* **Assignment**: From the first line of the listing below to the line with "Make sure those", print each line exactly, and nothing more. Leave out the pictures.

* **Provided data**:
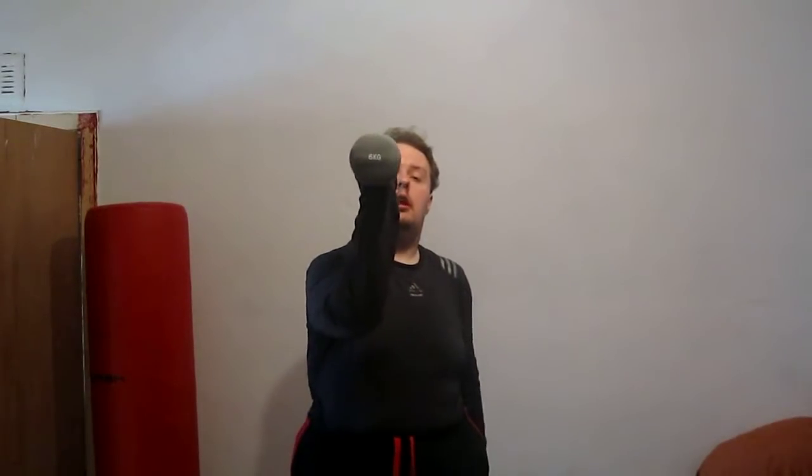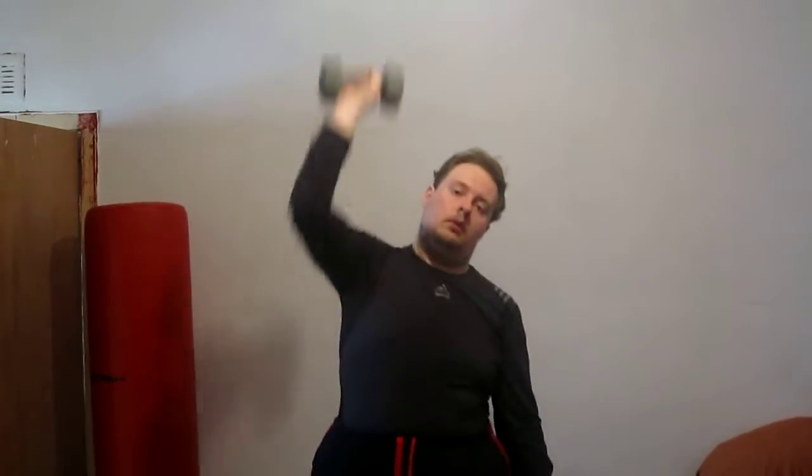Hi YouTube people. I'm excited to do this fitness video, to go through my weights and which ones I lift. When I started lifting weights, I lifted dumbbells — they are six kilos. My favourite exercise was this one: you simply take the dumbbell and punch it up in the air as fast as you can. One, two, three, four, five.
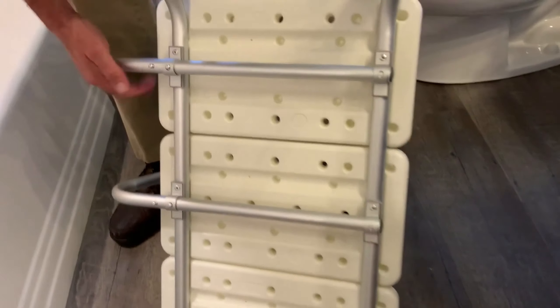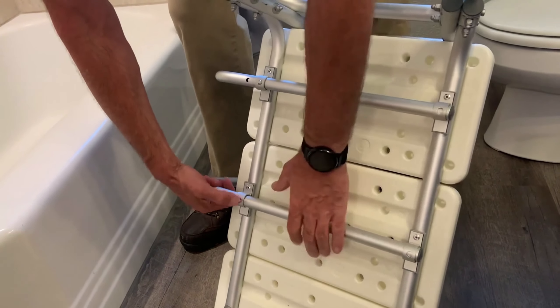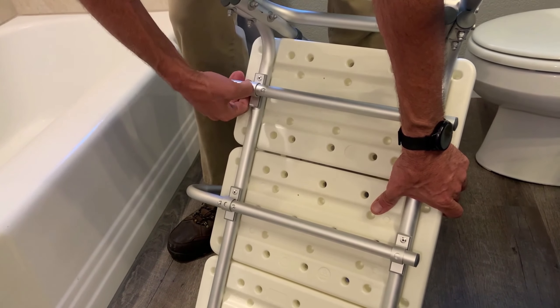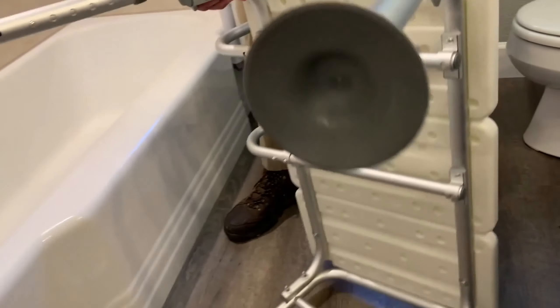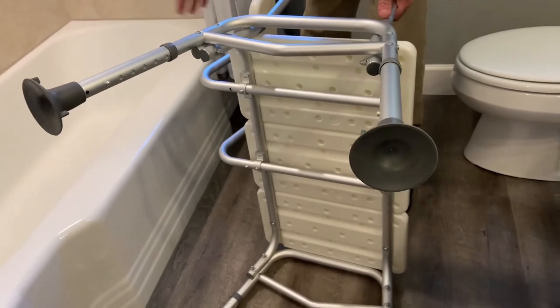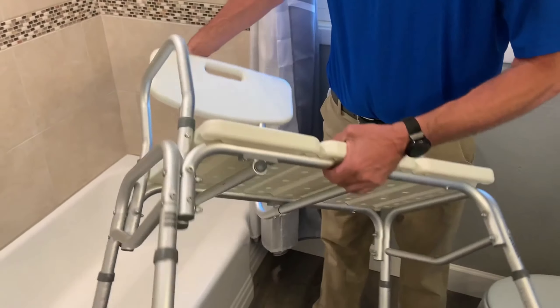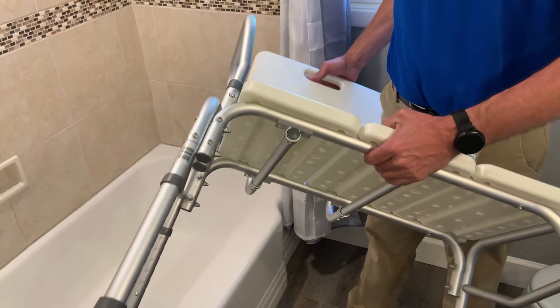Make sure those brackets lock in. If you need it a little further forward, there are two adjustments on this one. If your shower head is facing to the right, you would just take this back off and slide it in on this side, and then you can use your shower with the shower head facing to the right.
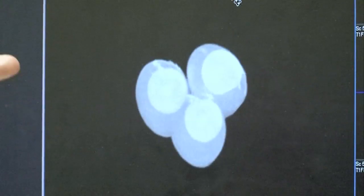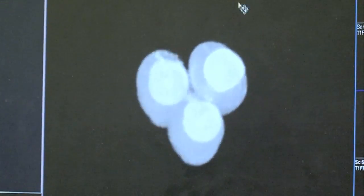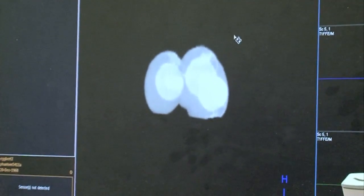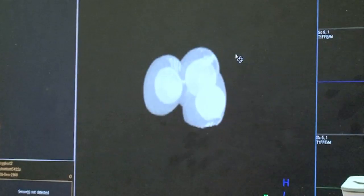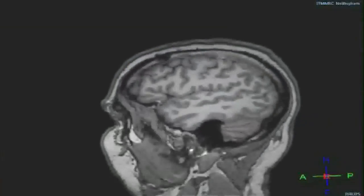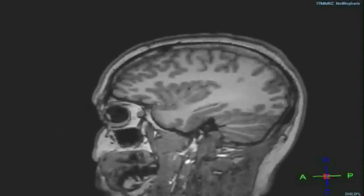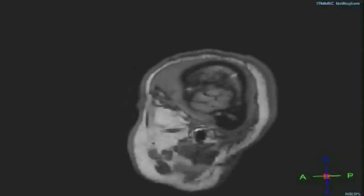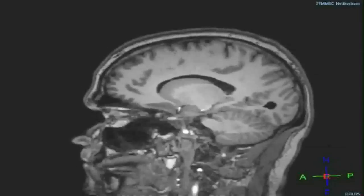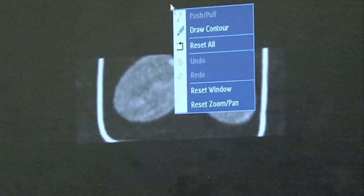The images we acquired are three-dimensional — they have lots of slices scanning through, which allows you to see the three-dimensional structure. That's obviously much more useful if you're looking at brain images and you want to understand the relationship of different regions of the brain to one another, or if you're a surgeon planning an operation and you want to find the best path to get to a particular area in the brain. This kind of 3D view can be very useful.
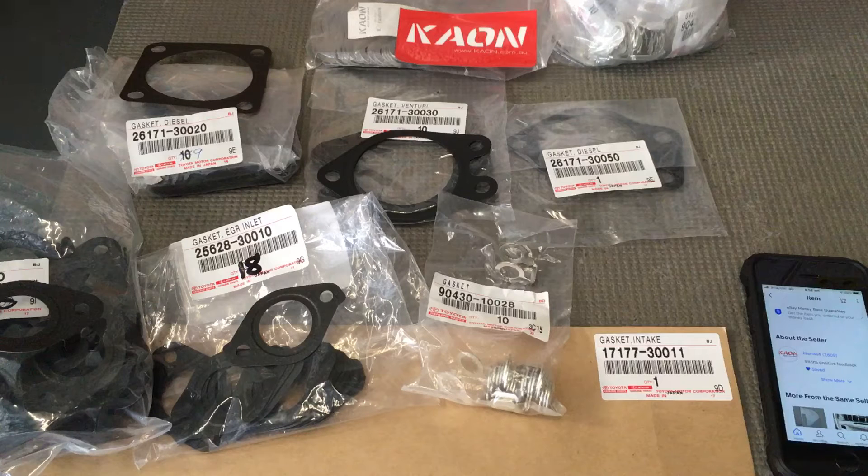What I'd like to go through first is some part numbers. This is 1KD specific, okay. On the 1KDs, I know we've got our American friends watching also, and your 1KDs may have different intake and EGR systems, so some of these gasket numbers might be different. But this is for the vehicles in Australia — 1KD FTV in Australia.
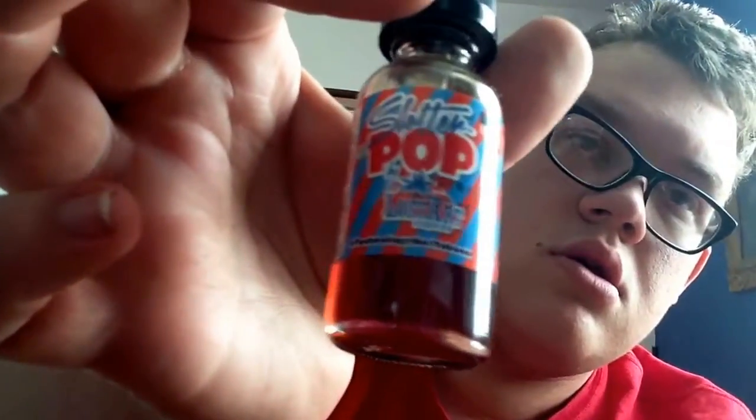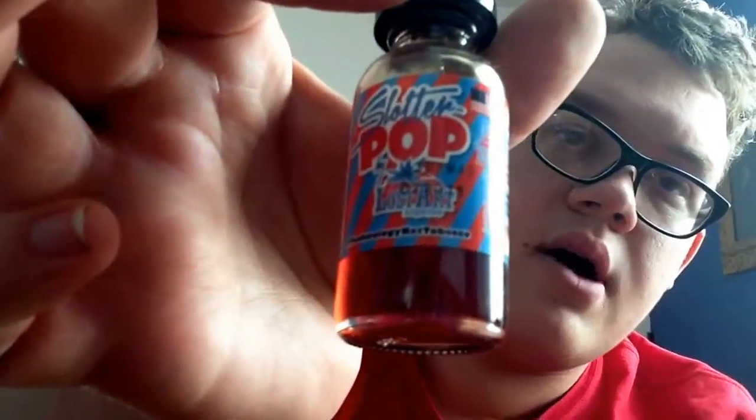What up everyone, Colt Wire back here for another video and today I'm going to be doing a juice review. In the last video I did a review on apple pie, so today I'm going to be doing a review on Slaughter Pop by Lost Ark Liquids. It's actually really cool.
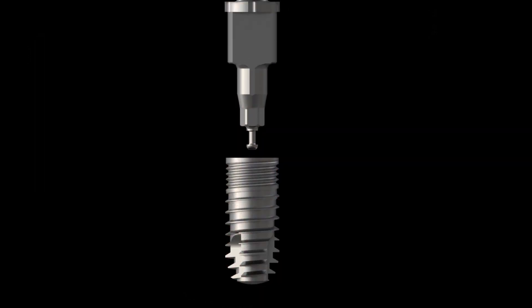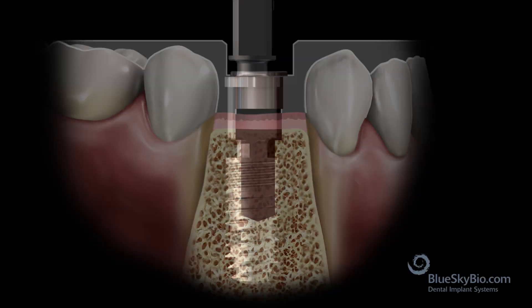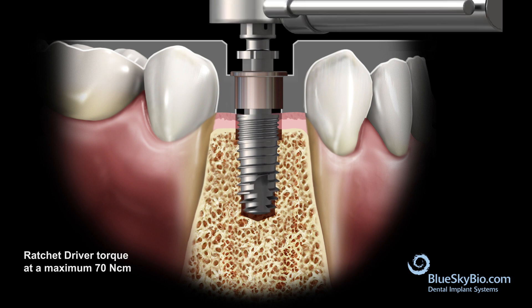Place the 8.5 millimeter fully guided ratchet driver onto the Quattro implant. Insert the implant and driver through the surgical guide. Using the ratchet, drive the implant in a clockwise direction until the stopper on the guided carrier bottoms out fully on the guide tube.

* **Your solution**:
Hi YouTube people. I'm excited to do this fitness video, to go through my weights and which ones I lift. When I started lifting weights, I lifted dumbbells — they are six kilos. My favourite exercise was this one: you simply take the dumbbell and punch it up in the air as fast as you can. One, two, three, four, five.
Make sure those brackets lock in. If you need it a little further forward, there are two adjustments on this one. If your shower head is facing to the right, you would just take this back off and slide it in on this side, and then you can use your shower with the shower head facing to the right.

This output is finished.